Brave woman praised for helping Norwich knife attack victim
- Credit: Liz Reynolds
The actions of a brave member of the public who came to the aid of a boy who had been stabbed in a revenge attack by a rival gang have been praised by police.
The teenage victim suffered a punctured lung as well as wounds to his arm and thigh after being stabbed with a knife during the attack close to Aylmer Tower on Lefroy Road, Mile Cross.
Norwich Crown Court heard the victim, who was part of a gang, was attacked by members of a rival gang after posting videos on YouTube which had been critical of the other group.

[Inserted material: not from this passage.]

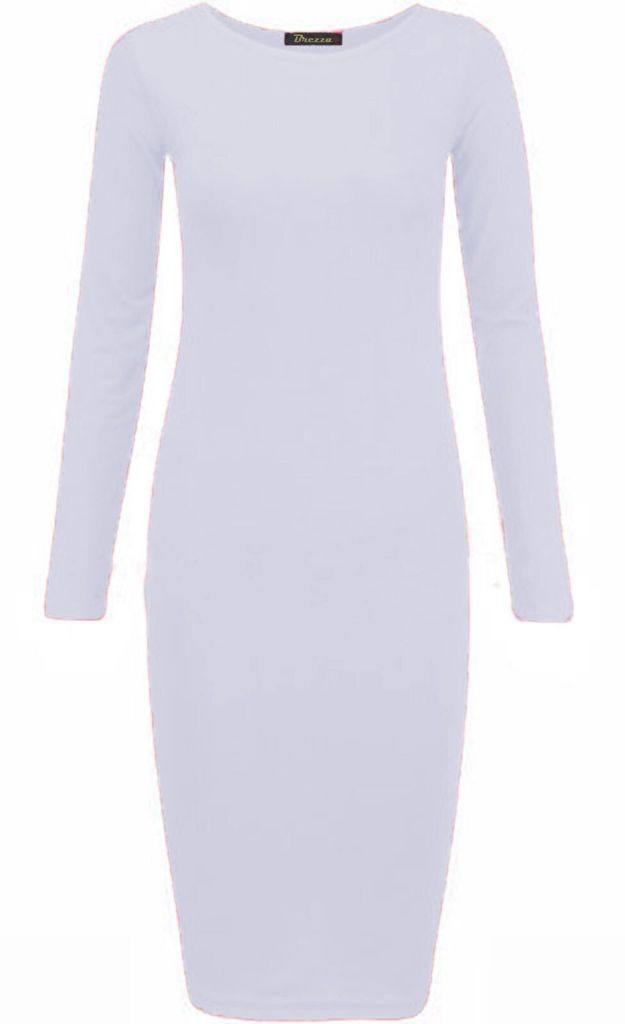 Long Sleeves Plain Midi Bodycon Dress - Remzs Fashion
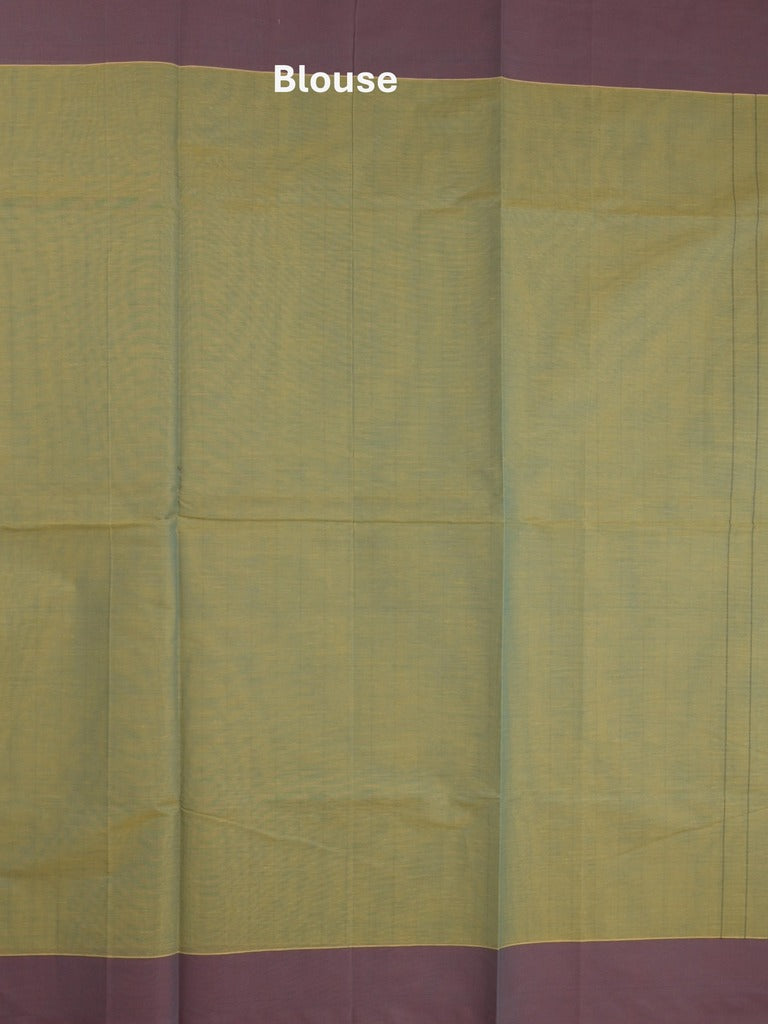 Kanchi cotton saree with allover motifs and contrast border paired with self-blouse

Four teenagers were sentenced to more than 20 years behind bars by Judge Alice Robinson after admitting grievous bodily harm (GBH) offences, which she said had been a "revenge attack".
Judge Robinson also commended the bravery of a woman who came to the aid of the injured youth after the attack in February this year and "spared the victim" any more serious and maybe fatal injuries.
She has also been recognised by Detective Inspector Alix Wright, who said: "I want to thank the brave members of the public who intervened and provided us with essential evidence such as video footage and statements.
"Their selfless actions have taken us one step closer to eliminating this kind of senseless aggression from our communities.”
Allan Moss, 19, of Woodside Road, Norwich, was given six years and nine months in a Young Offenders Institute (YOI), while Solomon Oguidi, 18, of Bowers Avenue, Norwich, who has also admitted having an offensive weapon, was given four years in a YOI.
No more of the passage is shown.